**Work request:** Do not include the pictures; repeat the rest of the data exactly.

**Provided data:**
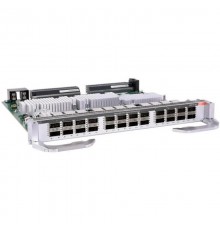 Модуль Cisco Catalyst 9600 C9600-LC-24C                                                                                                                                                                                                                   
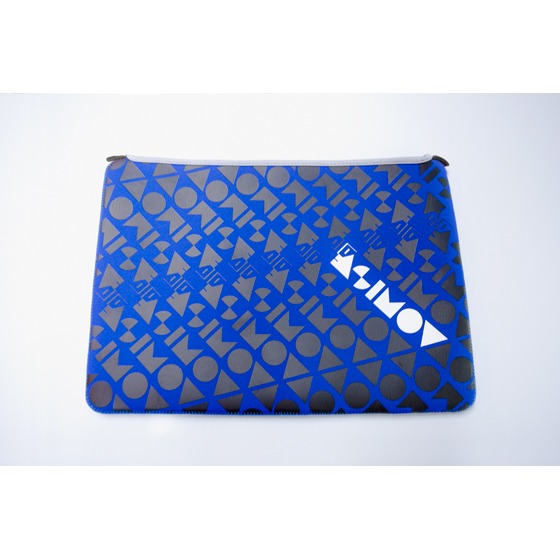 「ALDNOAH.ZERO ASIMOV PORCH」の表。(c)Olympus Knights/Aniplex・Project AZ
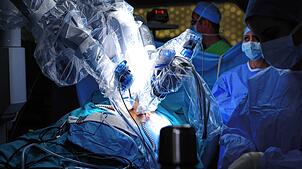 Die Tuttlinger Aesculap ist Chirurgie-Spezialist und fokussiert sich immer stärker auf Robotik-Anwendungen.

**Output of the task:**
 Модуль Cisco Catalyst 9600 C9600-LC-24C                                                                                                                                                                                                                   
 「ALDNOAH.ZERO ASIMOV PORCH」の表。(c)Olympus Knights/Aniplex・Project AZ
 Die Tuttlinger Aesculap ist Chirurgie-Spezialist und fokussiert sich immer stärker auf Robotik-Anwendungen.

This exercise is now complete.